Lui, vedendomi, abbandona la conversazione con cui era preso e viene a salutarmi. Mi bacia delicatamente sulle labbra e poi mi sorride. Io mi limito ad abbassare la testa, fingendo di essere timida, poi vado verso il camerino.
“Non piangere. Non piangere” continuo a ripetermi.
Charlotte, la mia collega, entra subito dopo di me e mi saluta: “Pronta per stasera? Dobbiamo fare bella figura; ci saranno un sacco di persone famose!” sembra davvero impaziente di cominciare.
Annuisco e comincio a togliermi i vestiti, subito dopo aver letto la scaletta delle uscite.
Ormai non parlo più con nessuno. Mi limito ad annuire o fare cenno di ''no'' con la testa. Ho perso perfino la voglia di parlare. D'altro canto, esco da casa solo per venire al lavoro, e vedo sempre le solite persone con cui non mi interessa avere una conversazione.
Dopo un'ora e mezza, tutto è pronto, e io sarò la settima ragazza ad uscire sulla passerella.
È il mio turno; inizialmente vengo accecata da una serie di luci puntate tutte su di me, ma poi riesco ad abituarmi. Arrivata in cima alla passerella, faccio la mia solita mossa: quella di guardare il pubblico, poggiandomi una mano sul fianco sinistro.

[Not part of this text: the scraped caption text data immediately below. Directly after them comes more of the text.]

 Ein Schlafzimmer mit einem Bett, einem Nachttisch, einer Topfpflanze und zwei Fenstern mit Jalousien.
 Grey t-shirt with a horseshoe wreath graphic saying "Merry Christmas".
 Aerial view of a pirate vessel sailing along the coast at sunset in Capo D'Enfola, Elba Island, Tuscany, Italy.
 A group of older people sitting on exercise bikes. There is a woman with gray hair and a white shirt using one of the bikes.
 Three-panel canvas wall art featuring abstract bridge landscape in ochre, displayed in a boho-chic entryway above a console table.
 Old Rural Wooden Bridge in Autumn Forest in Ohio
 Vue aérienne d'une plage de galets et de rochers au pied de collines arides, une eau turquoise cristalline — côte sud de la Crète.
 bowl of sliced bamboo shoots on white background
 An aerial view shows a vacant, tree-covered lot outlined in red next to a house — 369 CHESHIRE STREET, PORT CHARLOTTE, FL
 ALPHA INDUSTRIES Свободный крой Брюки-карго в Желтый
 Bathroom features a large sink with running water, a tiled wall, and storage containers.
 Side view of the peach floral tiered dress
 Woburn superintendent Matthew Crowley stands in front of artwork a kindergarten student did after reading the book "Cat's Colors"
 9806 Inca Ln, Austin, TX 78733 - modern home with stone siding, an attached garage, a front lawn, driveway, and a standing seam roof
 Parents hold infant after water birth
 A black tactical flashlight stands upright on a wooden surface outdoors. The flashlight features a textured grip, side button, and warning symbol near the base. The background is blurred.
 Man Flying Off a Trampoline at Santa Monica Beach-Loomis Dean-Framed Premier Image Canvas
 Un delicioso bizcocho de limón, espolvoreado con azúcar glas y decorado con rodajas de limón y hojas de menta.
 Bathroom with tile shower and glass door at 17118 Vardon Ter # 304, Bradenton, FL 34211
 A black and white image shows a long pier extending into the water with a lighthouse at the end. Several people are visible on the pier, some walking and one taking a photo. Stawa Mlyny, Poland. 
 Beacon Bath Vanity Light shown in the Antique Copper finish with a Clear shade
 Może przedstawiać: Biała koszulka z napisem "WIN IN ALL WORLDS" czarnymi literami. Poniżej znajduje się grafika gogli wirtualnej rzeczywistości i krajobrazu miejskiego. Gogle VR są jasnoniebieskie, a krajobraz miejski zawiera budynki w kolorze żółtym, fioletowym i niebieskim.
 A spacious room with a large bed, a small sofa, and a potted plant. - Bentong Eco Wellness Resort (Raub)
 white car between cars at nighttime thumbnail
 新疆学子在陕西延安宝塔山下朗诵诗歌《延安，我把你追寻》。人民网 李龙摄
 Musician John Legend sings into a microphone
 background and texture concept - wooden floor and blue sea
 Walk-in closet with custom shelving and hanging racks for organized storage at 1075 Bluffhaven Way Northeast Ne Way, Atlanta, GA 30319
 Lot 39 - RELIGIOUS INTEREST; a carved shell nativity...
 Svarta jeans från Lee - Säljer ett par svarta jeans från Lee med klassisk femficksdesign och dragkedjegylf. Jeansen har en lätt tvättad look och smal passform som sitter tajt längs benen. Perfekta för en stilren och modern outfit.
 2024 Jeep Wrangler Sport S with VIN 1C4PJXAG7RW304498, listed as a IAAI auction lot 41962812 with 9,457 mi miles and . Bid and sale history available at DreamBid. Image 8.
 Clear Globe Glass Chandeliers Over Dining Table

Molti Vips sembrano interessati veramente alla sfilata, in particolare un uomo che avrà sui trent'anni. Mi fissa come se fossi la cosa più brutta e orripilante che avesse visto sulla faccia della Terra. Evidentemente sono troppo grassa.
Non ci faccio molto caso e lascio che la nottata vada come deve andare.

È il momento di tornare a casa, ma stavolta sono accompagnata da lui, lo stronzo.
Entriamo, e chiude la porta di casa sbattendola. Mi strappa la borsetta dalle mani e mi carica in spalla, per poi quasi lanciarmi nel letto.
Risparmio ciò che è successo dopo.
Mi sono addormentata nuovamente nell'angolo che tanto temo, tremando, con la testa di nuovo tra le braccia e tutto l'eye-liner colato sulle guance.